● **PROBLEM**
Leave out the pictures and reproduce all of the data exactly.

● **DATA EXCERPT**
--- START ---

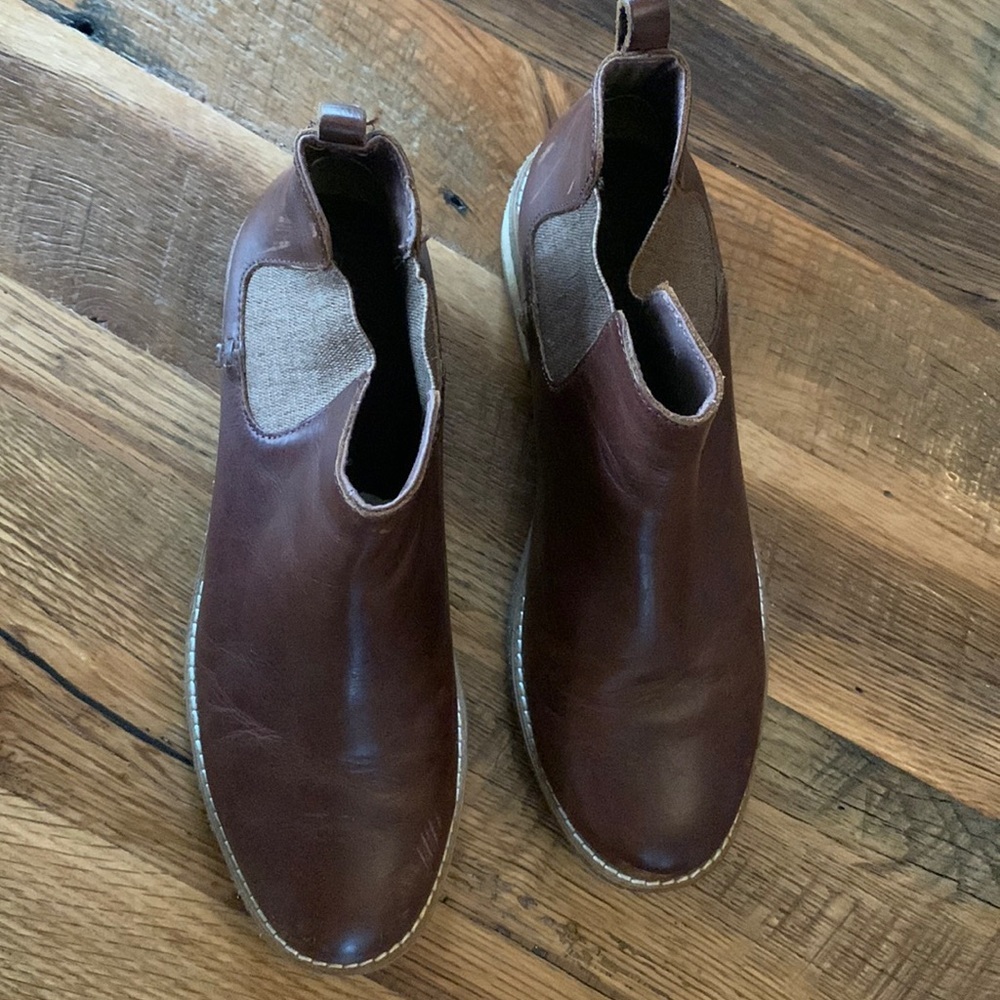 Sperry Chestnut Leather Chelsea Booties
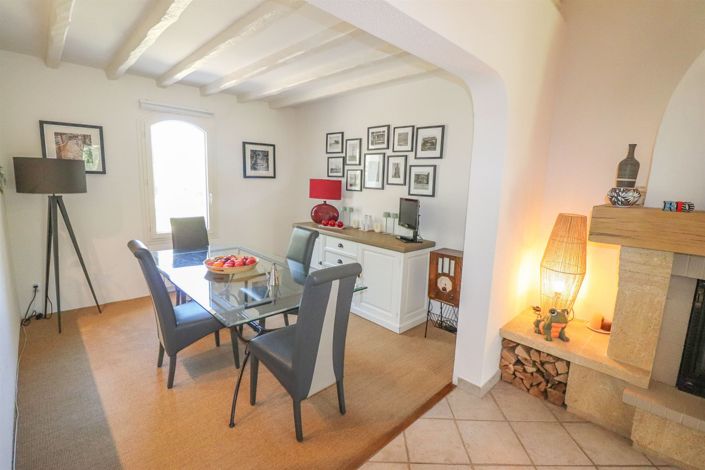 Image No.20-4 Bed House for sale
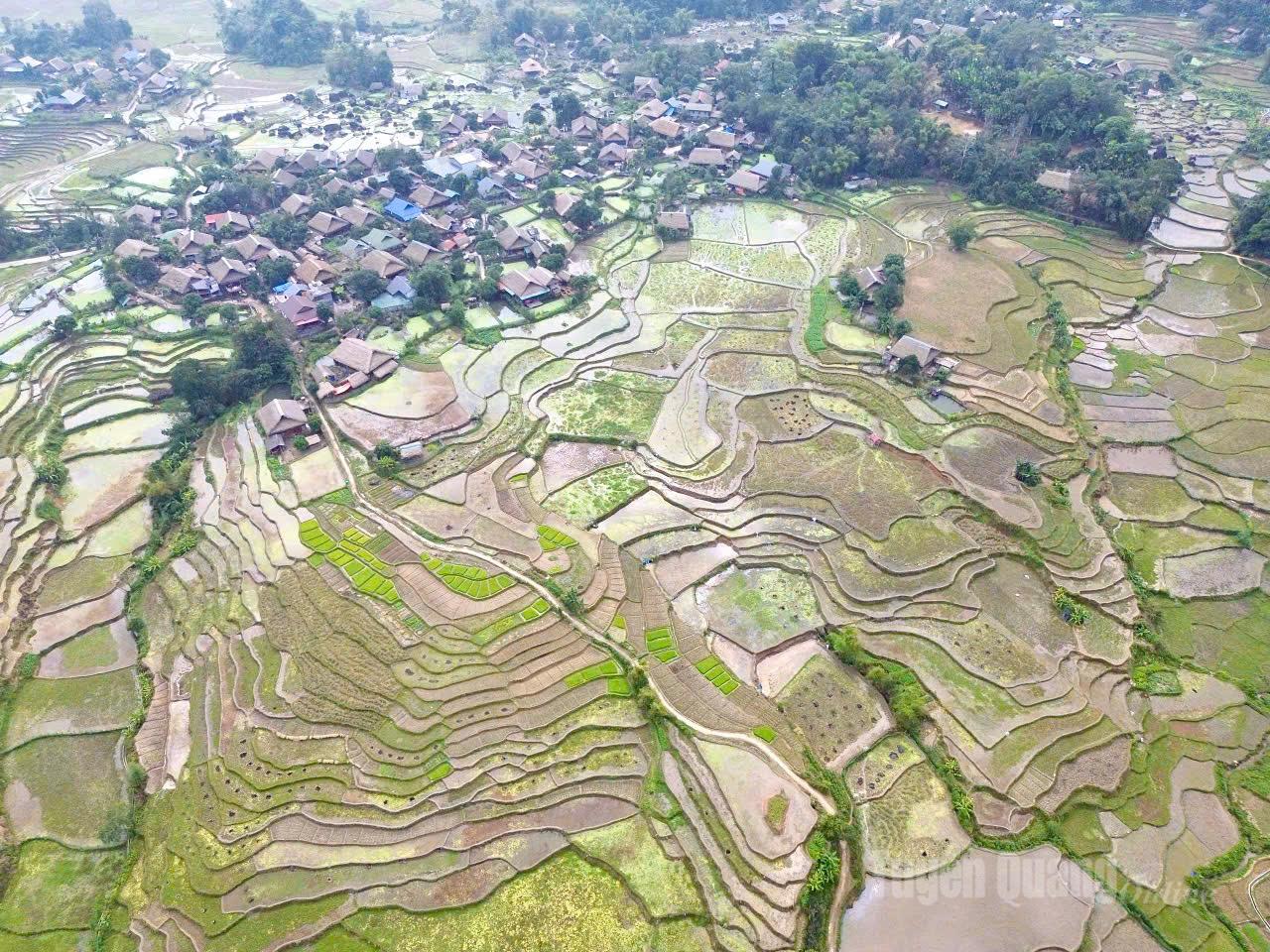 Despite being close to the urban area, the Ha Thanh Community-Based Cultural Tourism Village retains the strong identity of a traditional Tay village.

--- END ---

● **TASK RESPONSE**
 Sperry Chestnut Leather Chelsea Booties
 Image No.20-4 Bed House for sale
 Despite being close to the urban area, the Ha Thanh Community-Based Cultural Tourism Village retains the strong identity of a traditional Tay village.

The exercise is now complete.